Question

Write an equation that passes through the given point and that is perpendicular to the given line in slope intercept form (-2,-4), y=-2/7x+1

Answer 1

Perpendicular lines have slopes that are negative reciprocals. That means that when you multiply together the slopes of perpendicular lines you get -1. In a practical way, if you have the slope of a line and want the slope of a perpendicular, write the slope as a fraction, then flip the fraction, then change the sign.

Answer 2

First let's find the slope of the given line:
y = -(2/7)x + 1
Since this equation is already written in y = mx + b form, we can read the slope directly.
m = -2/7

Answer 3

ok thanks so then what if the slope was already was negative,will that mean that the slope will turn into positive?

Answer 4

Correct.
Now we figure out the slope of a perpendicular to this line:
m1 = -2/7; m2 = 7/2

Answer 5

We flip the fraction and change sign.
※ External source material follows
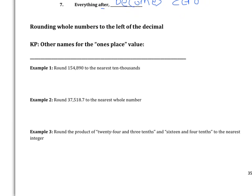Rounding whole numbers to the left of the decimal — here's a key point. The ones place value is the number just to the left of the decimal. There are other names for the ones place value. It may say to round to the nearest whole number — that's the same thing as the ones place value. It may also say round to the nearest integer. So if you ever see 'round to the nearest whole number' or 'round to the nearest integer,' it really means the ones place value.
The slope of the perpendicular is 7/2.
Now our question is what is the equation of the line that has slope 7/2 and passes through (-2, -4)?

Answer 6

You can use the slope-intercept equation,
y = mx + b,
let m = 7/2, x = -2, and y = -4, and solve for b

Answer 7

Yes so then when we plug in the X and Y of the given points it will be 4=7/2(-2)+b

Answer 8

Negative 4, not positive 4

Answer 9

Oh yes my bad.the slope will be b=3 ?

Answer 10

yes

Answer 11

So then the new intercept form will be y=7/2x+3

Answer 12

Correct

Answer 13

So then the only thing different than the parallel line equations is changing the slope into a reciprocal form right?

Answer 14

Right. Figuring out the new slope is different, but then getting the equation is the same procedure.

Answer 15

Can you help me in another problem in another post please?